How do you manage to reflect D&C’s fresh, controversial and independent attitude into Dazed Digital?

I suppose the challenge is to translate Dazed print into Dazed Digital on a daily basis, thus it’s also a problem of quantity. We try to publish everyday something that could be featured in the printed issue. Editing is just like curating. When we have a story coming in, we must think if it could be relevant to Dazed, then cover it in a different way than the magazine. We also look for the right balance between the different categories, such as fashion, music, arts etc.

Online platforms are not simply a surrogate of the printed issues. To what extent the premises of Dazed Digital differentiate themselves from D&C’s ones? And in which way are aims and targets different?

It’s different, but it’s the same. We try not to compete, but complete. Print and online have different strengths and weaknesses. In a way, we do the same things using different tools. Therefore it’s about finding out what things the magazine can do better than we can, for instance fashion shoots that simply look better on print. On the other hand, we can do something they can’t, like producing ‘Behind the Scenes’ videos. We focus on all that extra-material which couldn’t go on print because they need to be more selective than us.

In this perspective, do you reckon the reader base of D&C and Dazed Digital is different and to what extent?

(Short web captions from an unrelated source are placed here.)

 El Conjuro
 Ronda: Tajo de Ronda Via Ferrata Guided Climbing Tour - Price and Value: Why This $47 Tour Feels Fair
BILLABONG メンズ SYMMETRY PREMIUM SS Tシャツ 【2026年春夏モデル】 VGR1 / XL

I like to think that those who buy the magazine would go on the website and vice versa. I guess you can do that, because the content is different. Sometimes magazines just copy their printed content online, and that’s where I think Dazed is doing well since all our content is original. There is no reason otherwise to buy the magazine and visit the website as well. D&C and Dazed Digital have different identities that go along with each other. Of course there is also a part of the online audience that can’t access the magazine because they live in other countries, so we are the only appearance of the Dazed Group they have.

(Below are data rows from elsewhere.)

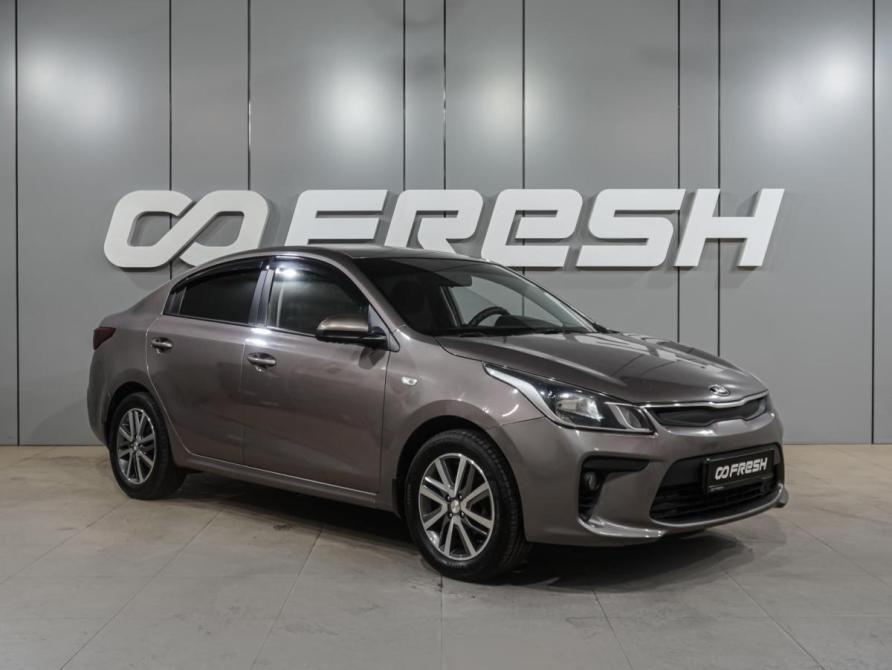 Kia Rio IV Воронеж  - изображение 1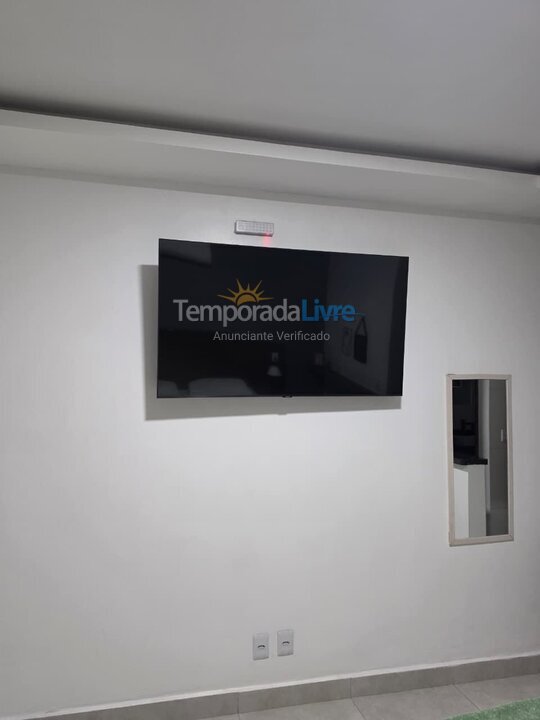 Apartamento para aluguel de temporada em Angra dos Reis (Balneario)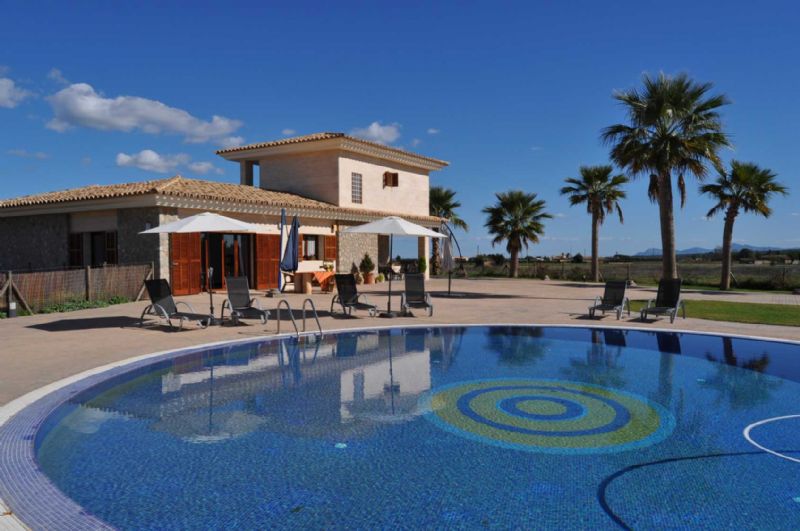 Country houses for Rent in SA POBLA, MAJORCA, Spain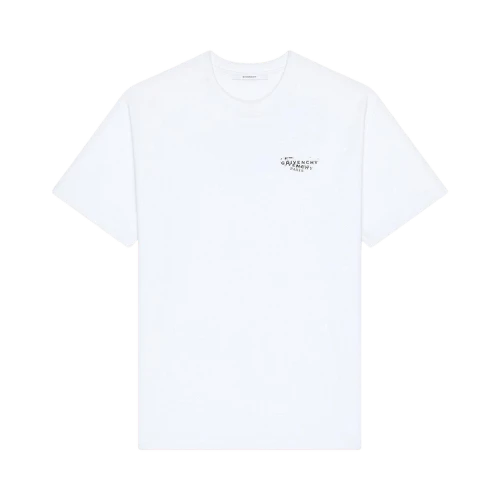 Givenchy Regular Fit T-Shirt 'White'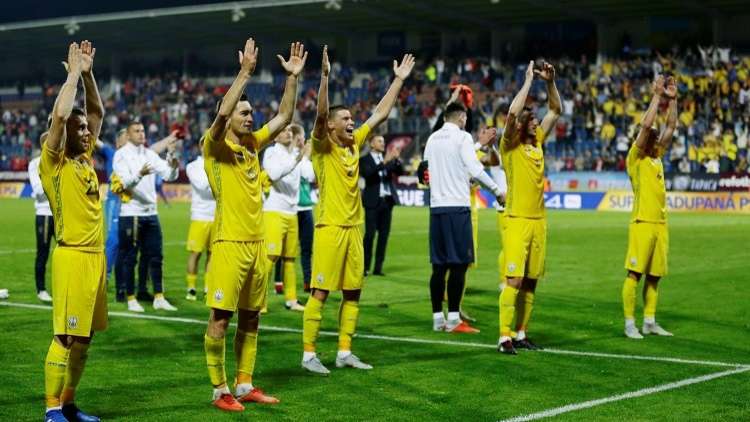 أوكرانيا تهزم التشيك في عقر دارها بهدف قاتل (فيديو)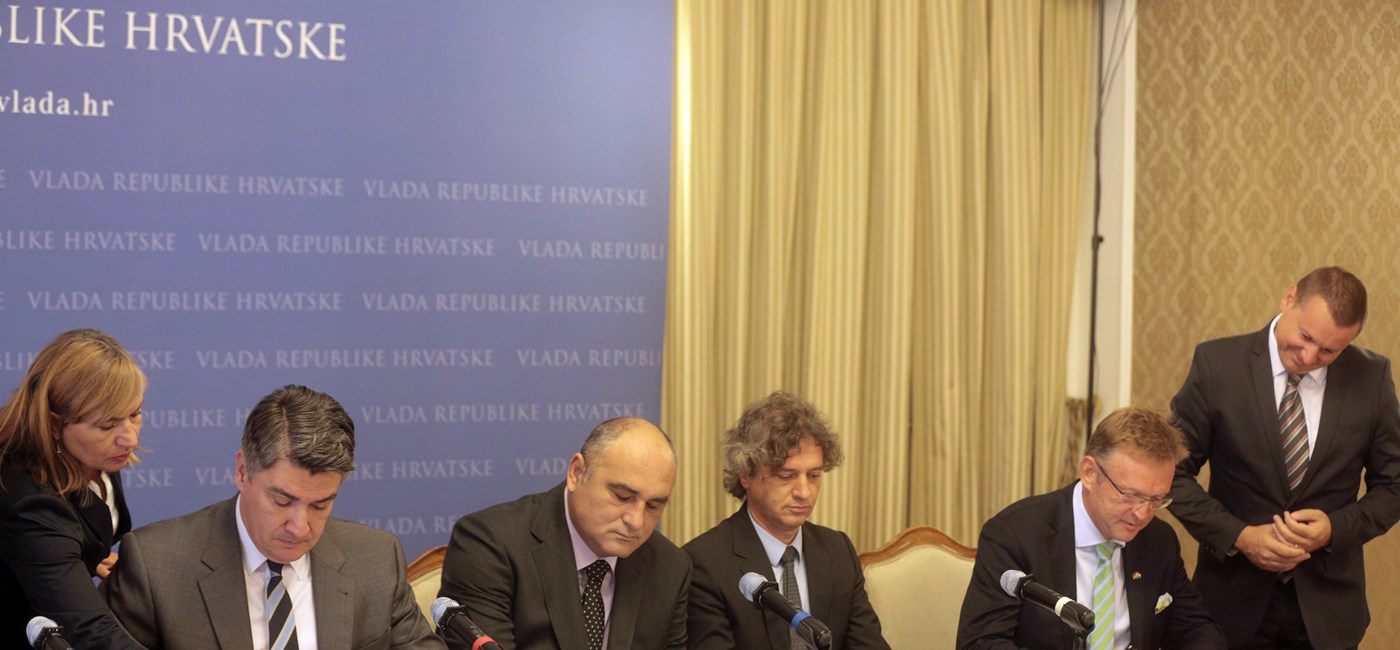 Potpisan sporazum o mjerama suzbijanja energetskog siromaštva: Od listopada najsiromašnijim obiteljima 200 kuna vaučera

Where do you see printed information and digital delivery in 10 years from now? Do you think there will always be room for print or digitalized information will soon replace it?

I guess there will always be room for print. There’s just a need for printed information. It will change, for sure, it will look different, it will cost differently and people will buy it for different reasons. Most likely, magazines will cost more money, have more advertising, be more the size of books, but I don’t think they will ever go away. I hope they won’t.

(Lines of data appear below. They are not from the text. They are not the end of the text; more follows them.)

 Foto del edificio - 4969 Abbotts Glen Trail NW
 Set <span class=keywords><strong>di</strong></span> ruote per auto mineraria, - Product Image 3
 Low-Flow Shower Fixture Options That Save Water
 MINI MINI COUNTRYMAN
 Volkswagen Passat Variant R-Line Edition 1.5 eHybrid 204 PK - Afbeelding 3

How do you source a good story? Which are the elements you look for?

First of all, it needs to be relevant to our audience, of course. Then, it needs to be different. It needs to be appealing, maybe not really well known. We always look for someone who’s young, talented, fresh.

Can you suggest to Livincool’s readers a designer, a musician, an artists and a media channel you are keen on at the moment?

I would say Patrik Ervell as a designer, New Build as a music band (they feature members from Hot Chip and LCD Soundsystem), Emma Löfström as an artist and the Manzine magazine.